International career
- 2021: Denmark U16 / 2 / (0)
- 2021–2022: Denmark U17 / 14 / (0)
- 2022–2023: Denmark U18 / 6 / (0)
- 2023: Denmark U19 / 6 / (0)
- 2025: Denmark U20 / 1 / (0)

= Gustav Fraulo =

Danish footballer (born 2005)

Gustav Leone Fraulo (born 23 April 2005) is a Danish footballer who plays as a midfielder for Danish Superliga club Lyngby Boldklub.

==Club career==
===FC Midtjylland===
Born and raised in Odense, Fraulo started his career in the local football club, Odense Kammeraternes Sportsklub. Halfway through the U14 year, Fraulo and his family decided that he should follow in his older brother's footsteps and switched from OKS to FC Midtjylland in 2016. His great talent was also recognized internationally, as he was invited to try out for Dutch giants Ajax in both 2018 and 2019.

Fraulo was a big profile in Midtjylland's successful youth team for several seasons and in February 2023, the 17-year-old signed a new three-year deal with Midtjylland and traveled with the first team to Portugal for a training camp. Just five months later, in June 2023, Fraulo signed a 5-year contract extension with Midtjylland. He had, in the meantime, been called up for six Danish Superliga matches, but had yet to make his debut.

A month later, Fraulo, along with teammates Jonathan Lind and Mads Nybo, moved on a loan deal to Midtjylland's Portuguese partner club, C.D. Mafra. Here he played regularly for the club's U-23 team, which featured in the Portuguese Liga Revelação.He played 15 games for Mafra's U-23 team during his time at the club.

===Lyngby===
On 30 January 2024 it was confirmed that Fraulo was leaving Mafra with immediate effect, having signed a 4.5-year contract with Danish Superliga club Lyngby Boldklub. Fraulo made his debut on 3 March 2024, in a Danish Superliga match against Hvidovre, replacing Casper Winther in the 84th minute.

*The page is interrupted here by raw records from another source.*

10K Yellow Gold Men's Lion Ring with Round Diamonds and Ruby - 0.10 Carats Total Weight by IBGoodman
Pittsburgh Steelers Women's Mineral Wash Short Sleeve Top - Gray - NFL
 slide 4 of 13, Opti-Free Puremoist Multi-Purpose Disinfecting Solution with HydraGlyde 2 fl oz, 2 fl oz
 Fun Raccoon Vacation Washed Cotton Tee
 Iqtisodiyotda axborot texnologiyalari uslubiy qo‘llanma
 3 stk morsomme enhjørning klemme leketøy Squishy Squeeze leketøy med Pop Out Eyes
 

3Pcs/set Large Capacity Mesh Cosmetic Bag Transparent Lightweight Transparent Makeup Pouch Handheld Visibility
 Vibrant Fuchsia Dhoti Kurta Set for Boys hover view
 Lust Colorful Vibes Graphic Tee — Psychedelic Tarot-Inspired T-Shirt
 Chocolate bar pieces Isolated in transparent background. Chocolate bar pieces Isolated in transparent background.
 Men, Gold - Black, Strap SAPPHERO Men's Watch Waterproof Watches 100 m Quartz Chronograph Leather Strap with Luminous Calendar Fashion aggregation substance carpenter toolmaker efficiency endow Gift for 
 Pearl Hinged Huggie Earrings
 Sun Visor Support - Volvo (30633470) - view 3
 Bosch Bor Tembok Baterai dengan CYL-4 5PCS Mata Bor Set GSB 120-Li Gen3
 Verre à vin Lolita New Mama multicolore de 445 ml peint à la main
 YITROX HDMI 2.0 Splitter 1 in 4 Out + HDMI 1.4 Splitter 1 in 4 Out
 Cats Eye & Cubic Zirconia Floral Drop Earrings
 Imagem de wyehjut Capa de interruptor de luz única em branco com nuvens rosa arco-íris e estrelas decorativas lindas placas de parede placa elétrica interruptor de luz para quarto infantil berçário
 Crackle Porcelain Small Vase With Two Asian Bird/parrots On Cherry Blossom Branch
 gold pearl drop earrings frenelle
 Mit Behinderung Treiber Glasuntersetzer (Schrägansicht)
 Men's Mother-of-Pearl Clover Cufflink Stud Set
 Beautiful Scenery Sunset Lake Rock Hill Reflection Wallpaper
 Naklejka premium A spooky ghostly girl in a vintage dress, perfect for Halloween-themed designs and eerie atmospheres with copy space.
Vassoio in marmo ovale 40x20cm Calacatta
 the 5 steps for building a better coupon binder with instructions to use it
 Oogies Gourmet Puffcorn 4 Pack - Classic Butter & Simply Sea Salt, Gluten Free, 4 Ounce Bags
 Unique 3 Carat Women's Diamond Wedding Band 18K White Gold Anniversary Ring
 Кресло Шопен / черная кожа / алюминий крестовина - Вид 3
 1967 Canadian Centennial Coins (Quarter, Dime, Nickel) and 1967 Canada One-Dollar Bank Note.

On 2 August 2024 Fraulo was loaned out to Danish 1st Division side FC Roskilde for the rest of 2024. He returned to Lyngby in January 2025. Fraulo made 11 appearances for Roskilde, having been a regular throughout his loan spell.

==Personal life==
Gustav Fraulo is the younger brother of Oscar Fraulo, who is also a professional football player.